== ACTION ITEM ==
Return every line from the one with "Beautiful Diamond Necklace" through the one with "Escada Sport 1990s", inclusive, exactly as it appears below.

== DATA SHOWN ==
◆ ◆ ◆ ◆ ◆

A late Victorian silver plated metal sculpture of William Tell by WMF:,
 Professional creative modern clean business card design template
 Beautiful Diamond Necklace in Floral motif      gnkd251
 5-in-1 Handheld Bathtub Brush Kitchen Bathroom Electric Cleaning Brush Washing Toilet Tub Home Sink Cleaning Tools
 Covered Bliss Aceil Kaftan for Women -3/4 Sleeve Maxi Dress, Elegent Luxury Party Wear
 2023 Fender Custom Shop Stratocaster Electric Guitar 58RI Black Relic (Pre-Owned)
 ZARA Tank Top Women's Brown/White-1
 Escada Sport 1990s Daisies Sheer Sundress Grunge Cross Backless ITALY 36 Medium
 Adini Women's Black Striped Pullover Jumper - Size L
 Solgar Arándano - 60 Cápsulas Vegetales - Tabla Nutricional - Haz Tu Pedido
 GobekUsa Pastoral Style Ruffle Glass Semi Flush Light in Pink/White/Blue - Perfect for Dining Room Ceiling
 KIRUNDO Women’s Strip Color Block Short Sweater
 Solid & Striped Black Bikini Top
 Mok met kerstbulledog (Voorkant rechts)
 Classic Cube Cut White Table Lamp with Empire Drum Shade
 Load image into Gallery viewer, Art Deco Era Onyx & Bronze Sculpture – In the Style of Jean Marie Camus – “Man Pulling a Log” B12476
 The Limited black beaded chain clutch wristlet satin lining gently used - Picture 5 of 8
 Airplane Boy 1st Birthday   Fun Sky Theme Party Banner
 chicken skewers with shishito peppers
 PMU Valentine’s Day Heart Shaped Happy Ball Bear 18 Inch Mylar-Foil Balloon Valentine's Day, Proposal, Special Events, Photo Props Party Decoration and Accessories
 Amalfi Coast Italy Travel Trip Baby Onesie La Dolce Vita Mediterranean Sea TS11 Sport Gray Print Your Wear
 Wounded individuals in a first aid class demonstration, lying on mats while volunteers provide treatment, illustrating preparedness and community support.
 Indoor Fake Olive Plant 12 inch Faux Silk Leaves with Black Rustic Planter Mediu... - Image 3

◆ ◆ ◆ ◆ ◆

== SOLUTION FOR THIS PROBLEM ==
 Beautiful Diamond Necklace in Floral motif      gnkd251
 5-in-1 Handheld Bathtub Brush Kitchen Bathroom Electric Cleaning Brush Washing Toilet Tub Home Sink Cleaning Tools
 Covered Bliss Aceil Kaftan for Women -3/4 Sleeve Maxi Dress, Elegent Luxury Party Wear
 2023 Fender Custom Shop Stratocaster Electric Guitar 58RI Black Relic (Pre-Owned)
 ZARA Tank Top Women's Brown/White-1
 Escada Sport 1990s Daisies Sheer Sundress Grunge Cross Backless ITALY 36 Medium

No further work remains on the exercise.